I started working in the area of promoting healthy weights a number of years ago. As I’ve come to learn more about healthy weights, I’ve noticed that people worry and talk a lot about their weight and appearance. Maybe it’s a comment about what they “shouldn’t” be eating, or expressing feelings about their weight. Regardless of the comment, I’ve become aware of how much we as a society talk about weight and appearance.
In our society, it is considered important to be thin and fit, and negative attitudes towards larger bodies can be common. Weight bias and stigma exist in employment, education and health care. So what exactly is weight bias and stigma, how does it impact us, and what can we do about it?
Weight bias is defined as the negative weight-related attitudes, beliefs, assumptions and judgements toward individuals who are at the ends of the weight spectrum. Weight bias tends to be experienced differently by those who are overweight and obese. These attitudes can often show up as false and negative stereotypes, for example the belief that large individuals are lazy, unmotivated, and sloppy, less competent or lacking self-discipline.

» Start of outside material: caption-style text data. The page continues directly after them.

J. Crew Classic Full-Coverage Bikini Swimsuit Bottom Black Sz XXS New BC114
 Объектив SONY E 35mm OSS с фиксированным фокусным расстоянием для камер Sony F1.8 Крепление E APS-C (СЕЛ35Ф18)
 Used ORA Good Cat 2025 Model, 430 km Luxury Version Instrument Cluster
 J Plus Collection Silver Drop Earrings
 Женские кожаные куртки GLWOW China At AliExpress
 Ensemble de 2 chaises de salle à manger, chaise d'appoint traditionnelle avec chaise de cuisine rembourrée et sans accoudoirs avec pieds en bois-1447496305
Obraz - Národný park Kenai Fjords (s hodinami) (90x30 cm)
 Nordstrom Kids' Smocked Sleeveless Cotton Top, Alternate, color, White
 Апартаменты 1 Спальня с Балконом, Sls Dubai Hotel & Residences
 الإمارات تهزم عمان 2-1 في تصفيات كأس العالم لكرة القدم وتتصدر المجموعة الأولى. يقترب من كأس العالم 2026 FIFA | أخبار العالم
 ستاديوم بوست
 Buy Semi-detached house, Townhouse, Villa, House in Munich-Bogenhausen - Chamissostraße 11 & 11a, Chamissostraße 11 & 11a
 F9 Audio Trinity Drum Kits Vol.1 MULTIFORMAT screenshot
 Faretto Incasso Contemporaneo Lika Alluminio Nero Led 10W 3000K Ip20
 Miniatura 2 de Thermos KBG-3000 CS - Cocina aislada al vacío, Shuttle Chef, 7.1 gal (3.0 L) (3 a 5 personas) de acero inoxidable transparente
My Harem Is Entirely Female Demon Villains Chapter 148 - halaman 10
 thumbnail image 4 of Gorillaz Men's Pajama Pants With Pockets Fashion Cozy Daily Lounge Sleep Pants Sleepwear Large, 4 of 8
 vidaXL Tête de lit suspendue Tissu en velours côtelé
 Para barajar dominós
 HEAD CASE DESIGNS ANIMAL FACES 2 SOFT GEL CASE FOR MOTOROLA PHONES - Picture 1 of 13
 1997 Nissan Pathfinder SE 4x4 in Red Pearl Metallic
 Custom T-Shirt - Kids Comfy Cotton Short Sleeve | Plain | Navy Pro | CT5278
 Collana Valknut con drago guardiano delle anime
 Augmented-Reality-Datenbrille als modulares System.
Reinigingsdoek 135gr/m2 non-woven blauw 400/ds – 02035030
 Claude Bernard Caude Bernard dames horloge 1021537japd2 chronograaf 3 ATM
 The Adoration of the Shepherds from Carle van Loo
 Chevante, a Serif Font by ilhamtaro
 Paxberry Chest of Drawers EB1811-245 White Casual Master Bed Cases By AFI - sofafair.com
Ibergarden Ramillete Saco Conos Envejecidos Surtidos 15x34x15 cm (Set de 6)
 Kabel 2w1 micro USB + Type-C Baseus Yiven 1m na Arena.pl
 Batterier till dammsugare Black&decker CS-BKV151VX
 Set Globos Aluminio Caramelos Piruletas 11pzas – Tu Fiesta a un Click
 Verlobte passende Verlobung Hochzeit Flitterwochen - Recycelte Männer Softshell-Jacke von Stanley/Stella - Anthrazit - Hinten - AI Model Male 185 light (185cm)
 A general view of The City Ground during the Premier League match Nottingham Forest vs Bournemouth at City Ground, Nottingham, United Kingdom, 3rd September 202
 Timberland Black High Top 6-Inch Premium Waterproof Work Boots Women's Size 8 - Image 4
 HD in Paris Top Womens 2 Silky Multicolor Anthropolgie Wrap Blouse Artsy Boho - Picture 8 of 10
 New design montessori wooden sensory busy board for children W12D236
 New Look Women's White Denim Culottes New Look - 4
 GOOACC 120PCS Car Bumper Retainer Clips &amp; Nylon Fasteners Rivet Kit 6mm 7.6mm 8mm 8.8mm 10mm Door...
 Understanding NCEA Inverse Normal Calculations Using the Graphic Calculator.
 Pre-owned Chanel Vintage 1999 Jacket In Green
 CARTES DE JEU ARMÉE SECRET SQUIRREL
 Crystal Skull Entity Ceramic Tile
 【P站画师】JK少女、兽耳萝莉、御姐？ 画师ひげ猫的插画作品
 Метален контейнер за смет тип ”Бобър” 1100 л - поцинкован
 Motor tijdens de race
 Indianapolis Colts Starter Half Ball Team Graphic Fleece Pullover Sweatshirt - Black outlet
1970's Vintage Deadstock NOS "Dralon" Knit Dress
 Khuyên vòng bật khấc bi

A person may experience stigma when they have a characteristic (such as being heavy) that is not valued by the society they live in. When someone is stigmatized because of their weight, it means that the way that others react to them or treat them can make them feel like a less important or less valuable member of society.
While it may be hard to imagine weight bias and stigma taking place in health care settings, research shows that health care professionals may endorse stereotypes and negative attitudes about patients who are overweight and obese. Evidence also shows that there is a significant impact of weight bias on mental and physical health, independent of weight. There are many impacts of weight bias on health, including:
- Poor body image and body dissatisfaction
- Low self-esteem and low self-confidence
- Depression, anxiety, and other psychological disorders
- Maladaptive eating patterns and eating disorders
- Avoidance of physical activity
BC Mental Health and Substance Use Services (BCMHSUS) is working towards reducing weight bias and stigma in health care settings. BCMHSUS has developed BalancedView, an online and interactive resource which aims to decrease weight bias and stigma among health care professionals in British Columbia. Examples of health care providers include doctors, nurses, psychologists and psychiatrists, social workers, and physiotherapists, among others.
At the end of March 2015, the BalancedView resource will be launched and made available to health professionals across BC. BalancedView has 5 modules and contains information, videos, quizzes and activities designed to enhance the awareness, knowledge and skills of health professionals in the area of weight bias and stigma.
The BalancedView resource is just one part of a bigger movement towards promoting a focus on health rather than weight. Changing social norms related to body weight is a big task but change is happening. By shifting the focus from weight to well-being, together we can promote better overall health for all British Columbians.